Der Haltung in meinem Elternhaus entsprach es, dass mein Vater aus innerer Begeisterung in vielen Institutionen führend war. Wenn etwas los war, spielte er eine bestimmende Rolle. Wir wollen gar nicht vom 27. Januar, Kaisers Geburtstag, sprechen. Zuerst erschien der Kriegerverein mit Fahnen. Jeder, der noch eine Uniform tragen durfte, marschierte darin durch den Ort. Dann wurden Festreden gehalten. Mein Vater war immer unter den Rednern. Abends fand ein Ball oder sonst eine gesellschaftliche Veranstaltung statt, wo der Gesangsverein sang und wo auch mein Vater singen musste. In Glatz, unserer Kreisstadt, lag das Regiment 38, und die 38er hatten eine sehr gute Kapelle, die oft im Sommer in Kudowa engagiert wurde.
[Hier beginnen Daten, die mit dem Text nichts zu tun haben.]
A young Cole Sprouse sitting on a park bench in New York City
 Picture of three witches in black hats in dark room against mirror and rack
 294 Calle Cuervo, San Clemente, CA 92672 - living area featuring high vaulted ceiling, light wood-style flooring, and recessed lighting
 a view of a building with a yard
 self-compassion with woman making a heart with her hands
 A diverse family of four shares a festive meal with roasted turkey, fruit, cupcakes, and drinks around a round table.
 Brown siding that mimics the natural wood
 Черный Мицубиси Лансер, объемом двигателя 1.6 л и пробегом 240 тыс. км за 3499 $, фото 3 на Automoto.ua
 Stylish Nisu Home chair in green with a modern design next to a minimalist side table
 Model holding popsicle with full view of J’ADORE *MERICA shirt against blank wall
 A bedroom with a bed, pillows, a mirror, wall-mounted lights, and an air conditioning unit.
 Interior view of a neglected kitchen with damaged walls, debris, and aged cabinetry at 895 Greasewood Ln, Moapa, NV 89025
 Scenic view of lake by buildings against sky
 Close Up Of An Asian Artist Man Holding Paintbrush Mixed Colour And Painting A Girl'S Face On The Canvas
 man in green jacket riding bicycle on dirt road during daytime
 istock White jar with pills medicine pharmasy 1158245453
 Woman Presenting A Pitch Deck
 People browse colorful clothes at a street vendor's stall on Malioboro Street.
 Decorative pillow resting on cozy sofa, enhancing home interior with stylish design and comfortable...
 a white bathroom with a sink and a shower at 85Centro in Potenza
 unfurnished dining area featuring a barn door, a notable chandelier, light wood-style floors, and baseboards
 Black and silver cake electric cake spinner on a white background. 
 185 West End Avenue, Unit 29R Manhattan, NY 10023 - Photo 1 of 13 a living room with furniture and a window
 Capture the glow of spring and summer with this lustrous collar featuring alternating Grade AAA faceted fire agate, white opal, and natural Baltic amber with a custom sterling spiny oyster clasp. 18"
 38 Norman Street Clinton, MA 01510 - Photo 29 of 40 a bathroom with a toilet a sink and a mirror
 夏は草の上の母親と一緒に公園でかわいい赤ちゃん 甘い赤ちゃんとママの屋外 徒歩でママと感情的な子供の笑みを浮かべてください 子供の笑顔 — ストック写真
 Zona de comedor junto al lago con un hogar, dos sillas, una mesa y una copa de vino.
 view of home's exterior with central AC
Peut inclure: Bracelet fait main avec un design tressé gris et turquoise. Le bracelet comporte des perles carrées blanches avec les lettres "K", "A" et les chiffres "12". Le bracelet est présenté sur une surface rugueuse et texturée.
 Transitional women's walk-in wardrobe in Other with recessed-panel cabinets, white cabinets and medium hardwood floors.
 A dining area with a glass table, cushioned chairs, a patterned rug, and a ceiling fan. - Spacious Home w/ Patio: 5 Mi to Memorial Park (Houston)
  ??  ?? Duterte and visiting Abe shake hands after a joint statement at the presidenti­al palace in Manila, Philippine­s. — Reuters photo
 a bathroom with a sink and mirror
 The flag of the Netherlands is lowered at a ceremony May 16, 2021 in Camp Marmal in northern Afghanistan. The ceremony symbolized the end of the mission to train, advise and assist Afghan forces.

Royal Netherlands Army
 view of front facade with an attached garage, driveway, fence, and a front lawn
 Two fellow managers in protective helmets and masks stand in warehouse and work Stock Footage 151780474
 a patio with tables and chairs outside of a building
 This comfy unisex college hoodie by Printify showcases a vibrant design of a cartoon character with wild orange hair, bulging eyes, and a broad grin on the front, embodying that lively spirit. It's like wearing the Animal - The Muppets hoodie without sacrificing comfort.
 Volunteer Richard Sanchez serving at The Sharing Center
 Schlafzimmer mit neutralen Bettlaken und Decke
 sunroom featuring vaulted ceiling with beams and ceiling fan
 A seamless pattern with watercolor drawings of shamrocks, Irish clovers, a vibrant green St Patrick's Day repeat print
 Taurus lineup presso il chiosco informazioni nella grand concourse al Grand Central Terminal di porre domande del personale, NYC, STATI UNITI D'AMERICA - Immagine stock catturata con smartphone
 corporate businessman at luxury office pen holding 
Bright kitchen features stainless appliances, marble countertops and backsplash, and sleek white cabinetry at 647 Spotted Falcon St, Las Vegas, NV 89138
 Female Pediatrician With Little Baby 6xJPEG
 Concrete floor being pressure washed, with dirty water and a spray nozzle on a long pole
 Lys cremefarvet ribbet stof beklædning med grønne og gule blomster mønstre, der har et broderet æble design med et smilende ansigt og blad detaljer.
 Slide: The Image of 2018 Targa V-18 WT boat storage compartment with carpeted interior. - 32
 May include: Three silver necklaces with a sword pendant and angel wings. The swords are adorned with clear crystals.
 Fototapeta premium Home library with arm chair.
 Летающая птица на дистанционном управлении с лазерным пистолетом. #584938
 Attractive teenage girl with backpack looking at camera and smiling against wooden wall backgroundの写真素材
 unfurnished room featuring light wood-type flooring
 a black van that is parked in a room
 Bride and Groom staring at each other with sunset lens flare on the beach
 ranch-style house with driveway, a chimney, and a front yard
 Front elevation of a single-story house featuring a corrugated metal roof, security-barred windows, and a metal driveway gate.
Einmal hat meine Vater an Kaisers Geburtstag mit dieser Kapelle den Prolog des Bajazzo von Leoncavallo gesungen.
Mein Vater wollte gern, dass ich, wenn ich das Einjährige hätte, bei den Husaren dienen sollte. Als ich mit sechs Jahren in die Schule kam, stellte man fest, dass ich ein ganz schlechtes Auge hatte. Meine Mutter fuhr mit mir nach Glatz zum Augenarzt, der gleichzeitig auch die Untersuchungen fürs Militär vornahm. Er sagte meiner Mutter: »Mit einem müssen Sie sich abfinden, zum Militär kommt er nie.« Ich sage ganz ehrlich, ich war nicht unbedingt traurig darüber, denn ich bin kein Sportsmensch gewesen. Als wir dann aber nach Kudowa zurückkamen und das erzählten, war mein Vater tief unglücklich, weil ich nicht des Kaisers Rock tragen würde.